Much has been said and written about Chelsea's misfortunes this season. But the truth is that, in fact, this downward spiral was not that hard to envision - that is, if you pay some attention to more than just the immediate results. What was once a coach with a great eye for detail and tactical innovation (albeit a more subtle one) has become a shadow of his former self, relying exclusively on his dressing room management skills - à la Luiz Felipe Scolari.
- 1. The Beginning
Mourinho was given his first chance at a marauding Benfica and he immediately transformed the team, at every single level. However, the fact that he didn't stay there for more than a couple of months didn't help us understand just what he was capable of.
He needed to get to União de Leiria, by then an average mid-table club in the Portuguese top tier, to really make his mark. By December 2001, his team were already flying as high as third, two spots ahead of his eventual employers FC Porto, who rushed to sign him before anyone else would. But what impressed a few (including this column, admittedly) the most was not necessarily the table standings, but rather how he had got there, with proactive football, unafraid of anyone and eschewing altogether the tenets of the typically reactive football played in Portugal in the early seasons of the century. He was a breath of fresh air. The players loved to play for him. Some of them shone like they had never done before (and some of them never would again).
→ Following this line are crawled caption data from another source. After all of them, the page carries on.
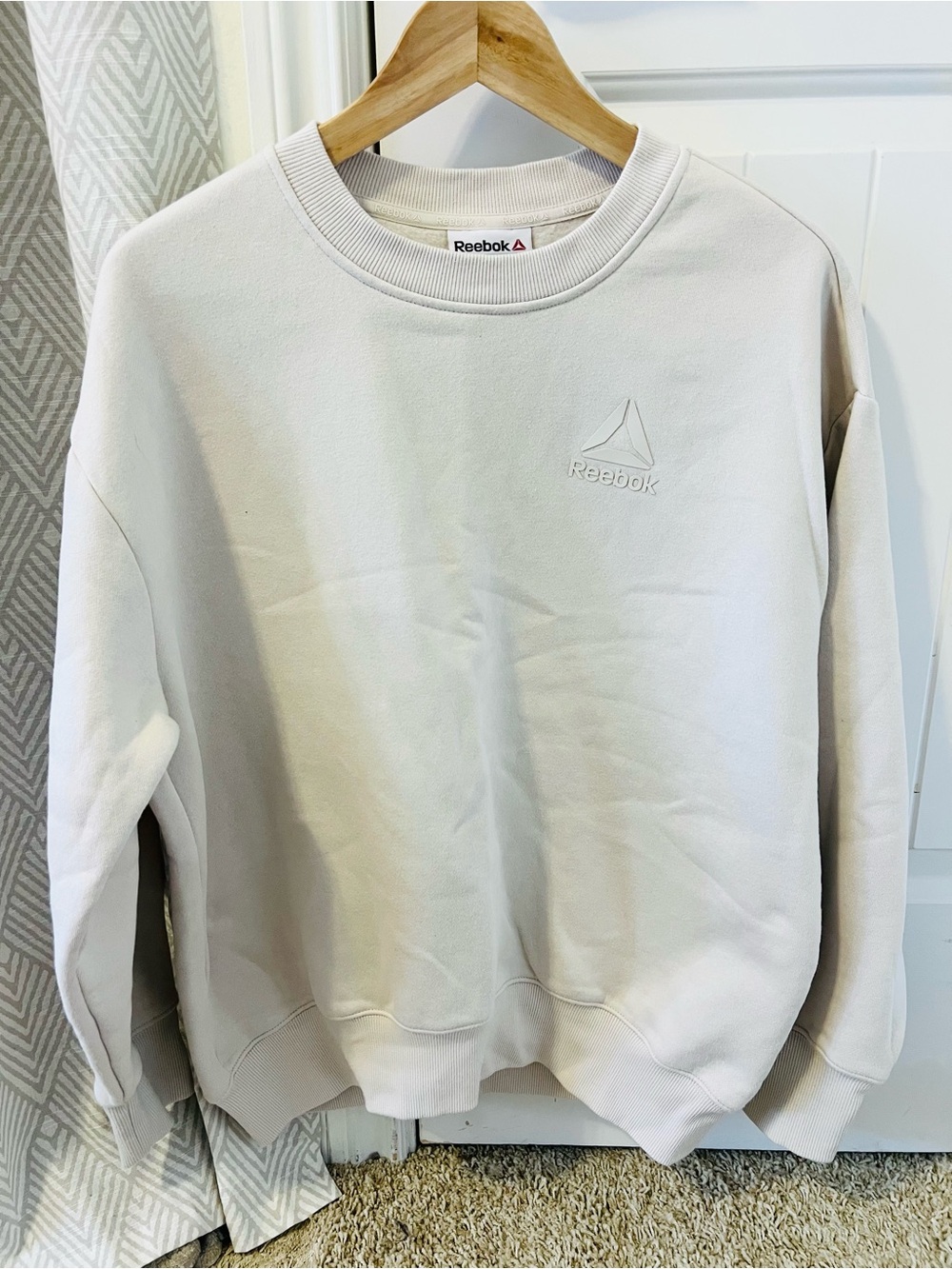 Reebok Light Beige Crewneck Sweatshirt Womens Workout Athletic Gym Medium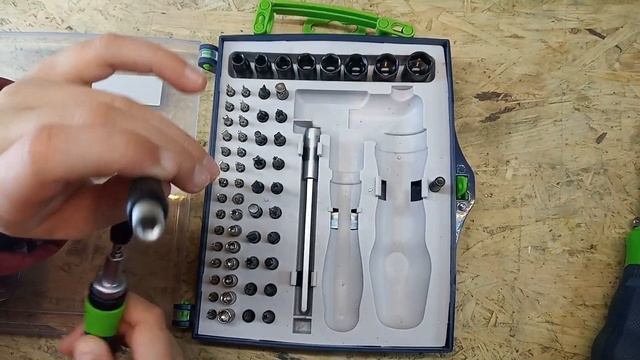 Обзор отверток реверсных с набором бит/Overview screwdriver reverse with a set of bits. смотреть онлайн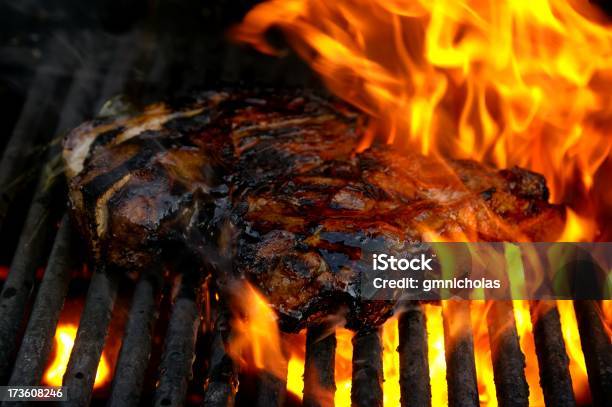 Foto de Flaming Quente e mais fotos de stock de Bife - Bife, Calor, Carne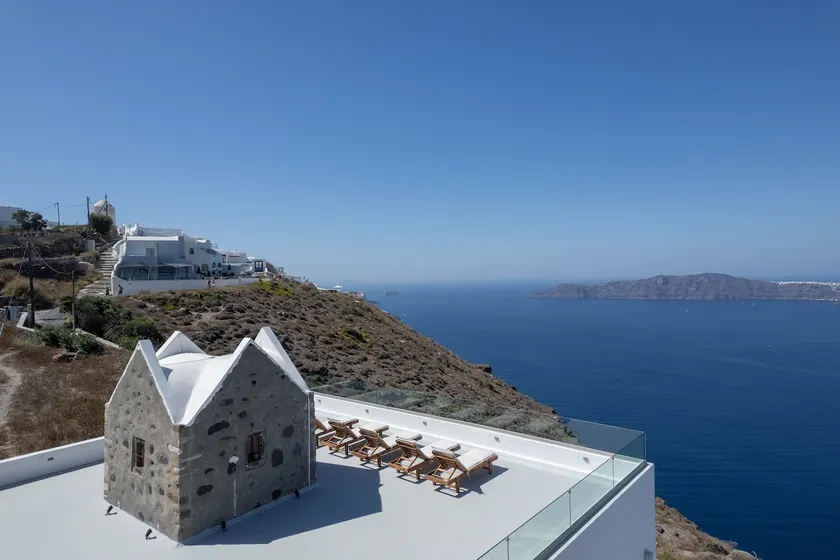 Private Caldera Villa | Escape the Crowds - Image 1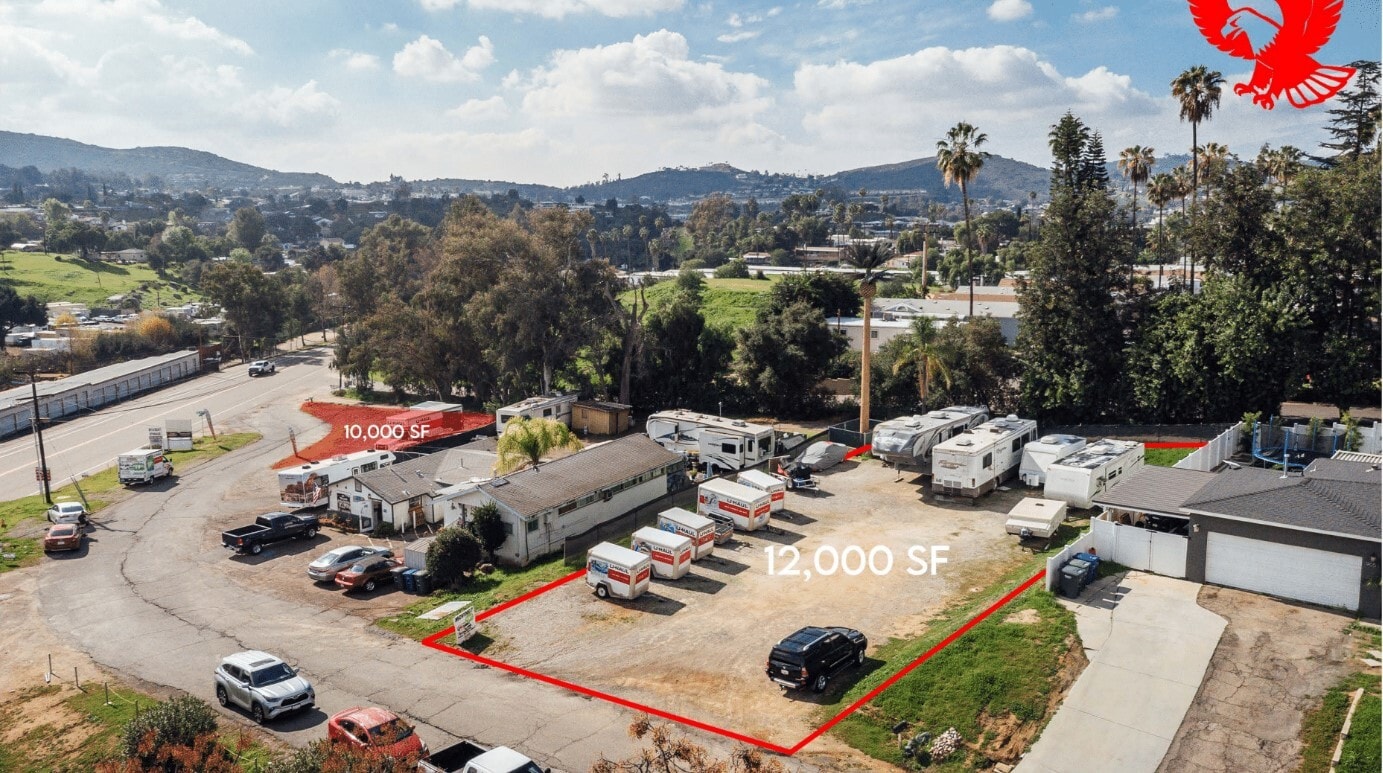 13606 Highway 8 Business, Lakeside, CA à louer Photo principale- Image 1 de 13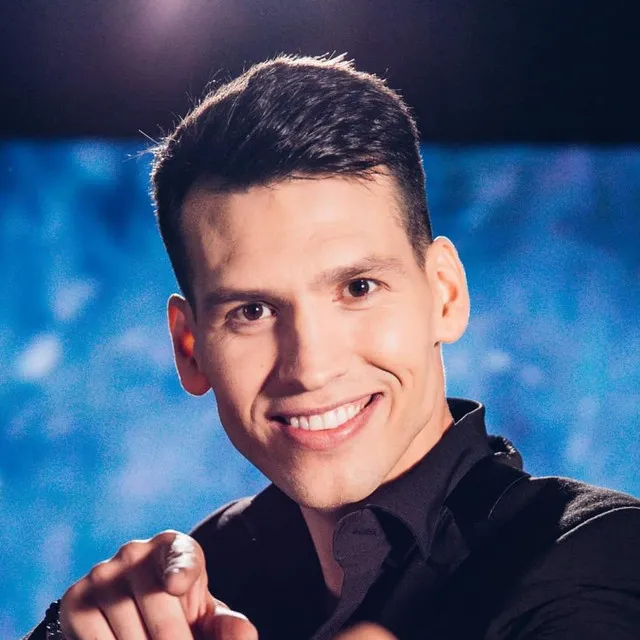 Bayera • Dyskografia • Życiorys • Utwory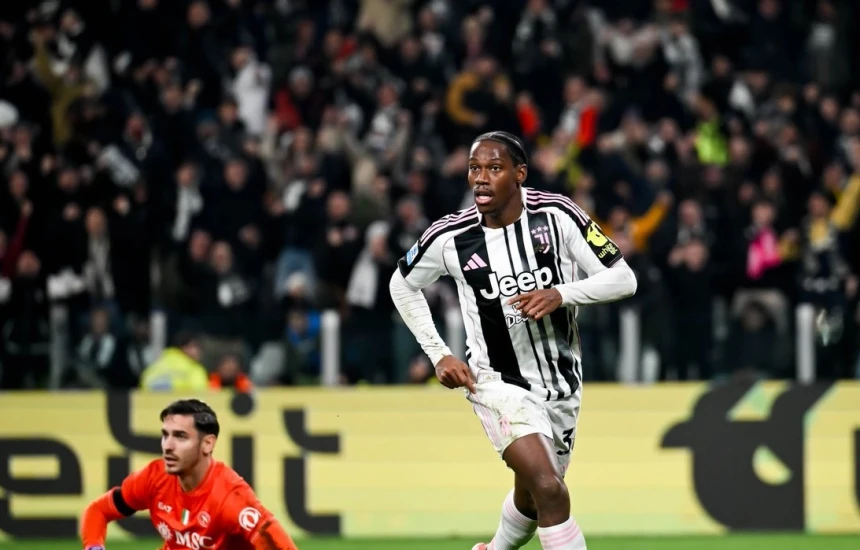 Juventusi mposht thellë Napolin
Despite some revisionism laid out by a few football writers as of late, both União de Leiria and FC Porto played much more than just controlled, run-of-the-mill football under a very inspirational coach, like some would have you believe. Mourinho paid excruciating attention to detail (as the famous leaked report by then-opposition scout André Villas-Boas) in an attempt to always get the upper hand on his opponents.
He was indeed inspirational for other coaches, as he seemed to bring a fresh new approach to football and its coaching. Even though he didn't preach anything revolutionary, he seemed to be one of the few who represented the entire package - not only was he able to preach possession-based football and training sessions where the ball was ever present, he also had a penchant for press conferences and soundbites, a supreme confidence in his skills and the air of someone who was going places, all rolled into one.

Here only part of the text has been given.